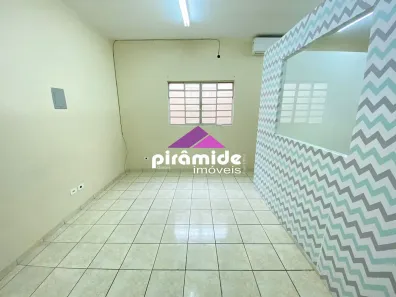 Sala Comercial para alugar, 30m² no Centro, São José dos Campos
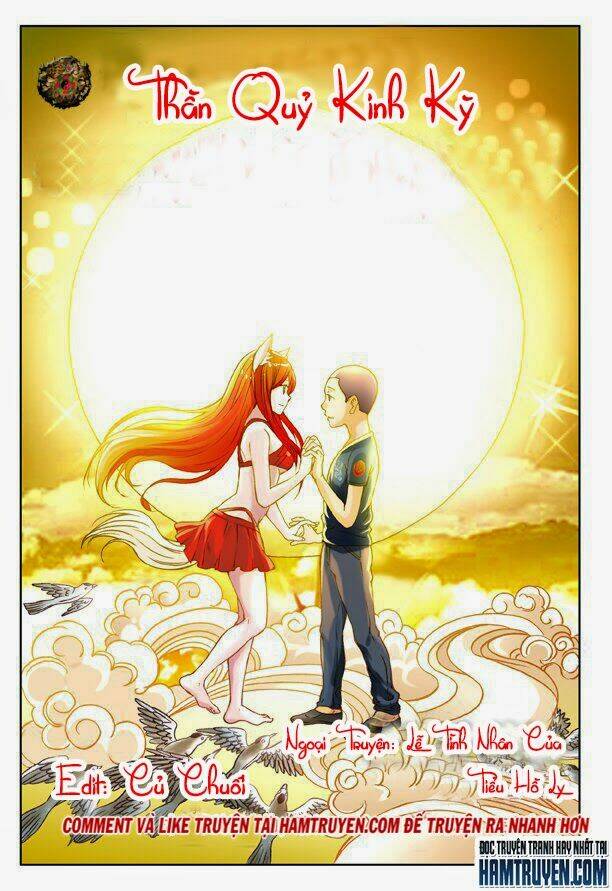 Trung Quốc Kinh Ngạc Tiên Sinh: Chapter 72.5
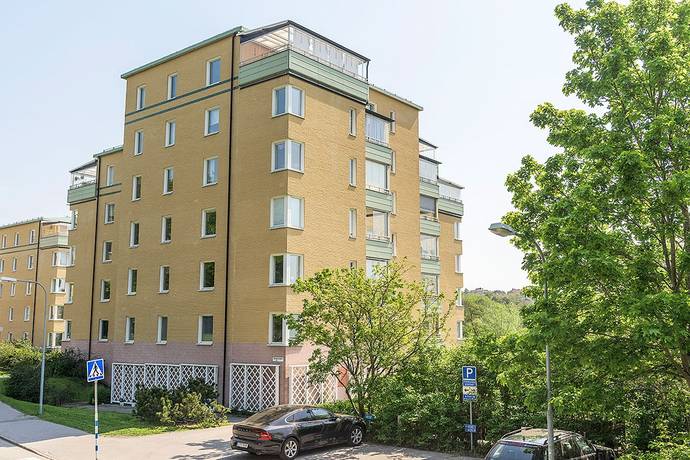 2 rum Lägenhet på Tackjärnsvägen 12 Johannesfred Stockholms kommun - bild 22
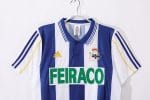Camiseta retro Deportivo de La Coruña 1999/00 Primera Equipación — foto 10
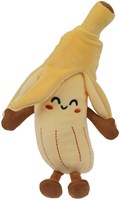 Besitos Squishy Spielzeug Banane 24cm - Frucht Stressball Kuscheltier-2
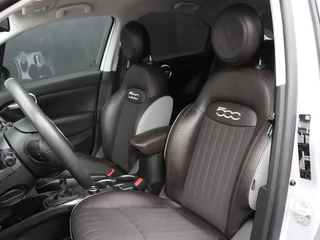 Fiat 500 X 1.4 Turbo MultiAir Lounge 140 pk / 13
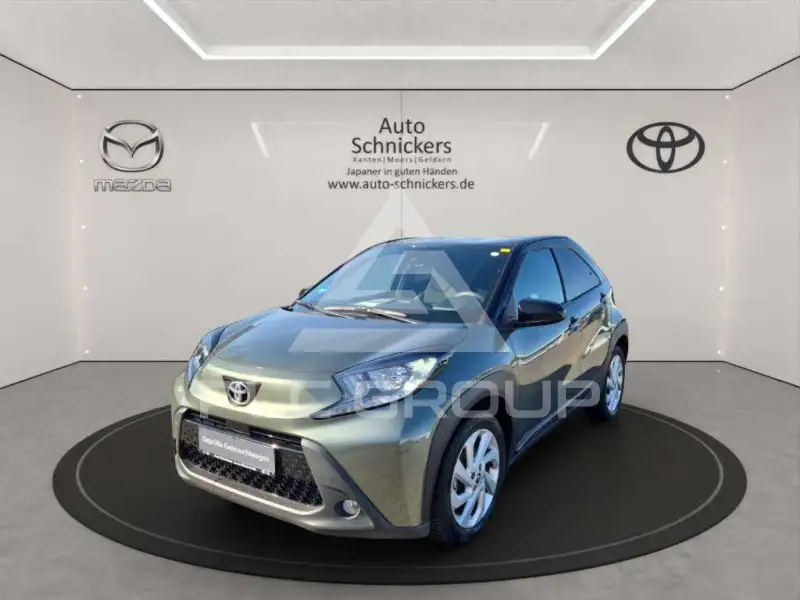 2023 Toyota AYGO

- - - - -

Could you repeat all of the entries exactly, without any of the images?

#### [Solution for this exercise]
 Sala Comercial para alugar, 30m² no Centro, São José dos Campos
 Trung Quốc Kinh Ngạc Tiên Sinh: Chapter 72.5
 2 rum Lägenhet på Tackjärnsvägen 12 Johannesfred Stockholms kommun - bild 22
Camiseta retro Deportivo de La Coruña 1999/00 Primera Equipación — foto 10
 Besitos Squishy Spielzeug Banane 24cm - Frucht Stressball Kuscheltier-2
 Fiat 500 X 1.4 Turbo MultiAir Lounge 140 pk / 13
 2023 Toyota AYGO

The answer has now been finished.